BIGBANK Tartu
- Full name: BIGBANK Tartu
- Founded: 1999
- Ground: University of Tartu Sports Hall, Tartu (Capacity: 1,650)
- Chairman: Alari Jõesaar
- Manager: Alar Rikberg
- Captain: Martti Juhkami
- League: Baltic Men Volleyball League Estonian Volleyball League
- 2024–25: 1st (Baltic League) 1st (Estonian League) 2nd (Estonian Cup)
- Website: Club home page
- Championships: 6 Baltic Championships 6 Estonian Championships 6 Estonian Cups

= Tartu Volleyball =

Estonian volleyball club

BIGBANK Tartu is an Estonian professional volleyball club based in Tartu, Estonia, that competes in the Baltic Men Volleyball League.

Founded in 1999, the team has won 6 Baltic League championships, 6 Estonian League championships and 6 Estonian Cups.

The team plays its home games at University of Tartu Sports Hall.

==History==
The team was founded 1999 as Pere Leib Tartu. Before that Tartu volleyball was represented by Ösel Foods Tartu, who had won the Estonian League in 1998 and 1999. Pere Leib Tartu was founded by two former Ösel Foods players, Raivo Simson and Alari Jõesaar.

Pere Leib Tartu won another Estonian League title in 2006, defeating Selver/Audentes 2–0 in the finals. The team won their first Estonian Cup in the same season. Pere Leib Tartu won another Estonian Cup in 2008–09.

The 2006–07 season was historical as Pere Leib Tartu made their European debut when they held the CEV Top Teams Cup tournament.

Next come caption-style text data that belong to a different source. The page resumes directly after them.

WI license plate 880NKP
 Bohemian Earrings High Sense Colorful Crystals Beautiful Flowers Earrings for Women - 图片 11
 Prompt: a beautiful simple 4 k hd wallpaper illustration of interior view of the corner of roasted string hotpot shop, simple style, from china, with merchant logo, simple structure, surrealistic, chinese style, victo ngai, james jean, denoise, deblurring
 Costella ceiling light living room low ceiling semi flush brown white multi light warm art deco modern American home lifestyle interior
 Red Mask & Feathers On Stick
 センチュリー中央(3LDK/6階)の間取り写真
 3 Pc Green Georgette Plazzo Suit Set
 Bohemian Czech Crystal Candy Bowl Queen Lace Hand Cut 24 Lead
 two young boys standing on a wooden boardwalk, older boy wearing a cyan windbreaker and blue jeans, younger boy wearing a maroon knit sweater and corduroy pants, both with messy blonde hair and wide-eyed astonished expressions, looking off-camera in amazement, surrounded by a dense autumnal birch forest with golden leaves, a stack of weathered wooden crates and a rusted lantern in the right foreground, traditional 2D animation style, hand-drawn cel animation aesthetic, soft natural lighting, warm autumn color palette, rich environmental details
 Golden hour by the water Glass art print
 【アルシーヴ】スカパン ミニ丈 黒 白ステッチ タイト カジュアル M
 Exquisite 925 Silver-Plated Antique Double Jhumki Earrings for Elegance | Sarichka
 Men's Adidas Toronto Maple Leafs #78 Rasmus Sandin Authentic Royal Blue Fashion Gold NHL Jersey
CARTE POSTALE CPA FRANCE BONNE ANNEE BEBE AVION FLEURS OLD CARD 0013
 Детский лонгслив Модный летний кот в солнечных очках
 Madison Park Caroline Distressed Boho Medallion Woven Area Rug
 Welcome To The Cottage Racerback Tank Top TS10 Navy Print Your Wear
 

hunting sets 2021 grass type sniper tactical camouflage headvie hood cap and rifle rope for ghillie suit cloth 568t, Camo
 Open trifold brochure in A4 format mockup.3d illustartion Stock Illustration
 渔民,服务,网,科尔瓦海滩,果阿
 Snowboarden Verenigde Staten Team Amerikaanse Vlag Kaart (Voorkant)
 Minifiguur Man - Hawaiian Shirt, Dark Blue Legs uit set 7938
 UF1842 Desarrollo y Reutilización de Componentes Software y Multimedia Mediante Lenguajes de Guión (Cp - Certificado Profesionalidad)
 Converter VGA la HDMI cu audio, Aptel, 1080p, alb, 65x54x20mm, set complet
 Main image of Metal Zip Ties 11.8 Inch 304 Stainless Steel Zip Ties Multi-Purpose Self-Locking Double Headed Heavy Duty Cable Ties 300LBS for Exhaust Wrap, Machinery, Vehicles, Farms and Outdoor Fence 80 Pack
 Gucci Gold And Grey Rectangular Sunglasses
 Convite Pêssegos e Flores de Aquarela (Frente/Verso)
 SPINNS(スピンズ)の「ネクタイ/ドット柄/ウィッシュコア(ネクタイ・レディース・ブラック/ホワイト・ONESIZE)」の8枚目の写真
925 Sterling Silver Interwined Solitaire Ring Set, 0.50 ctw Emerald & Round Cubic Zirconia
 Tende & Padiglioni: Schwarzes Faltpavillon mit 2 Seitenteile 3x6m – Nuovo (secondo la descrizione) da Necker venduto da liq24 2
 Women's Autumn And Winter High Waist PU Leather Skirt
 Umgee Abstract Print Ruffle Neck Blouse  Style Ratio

In 2011–12, the club won second Estonian League title and also their first ever Baltic League title by defeating the defending champions Selver Tallinn in the finals. In 2012, the team changed their name to BIGBANK Tartu for sponsorship reasons. First title under the new name came in 2014, when the club won their third Estonian League championship.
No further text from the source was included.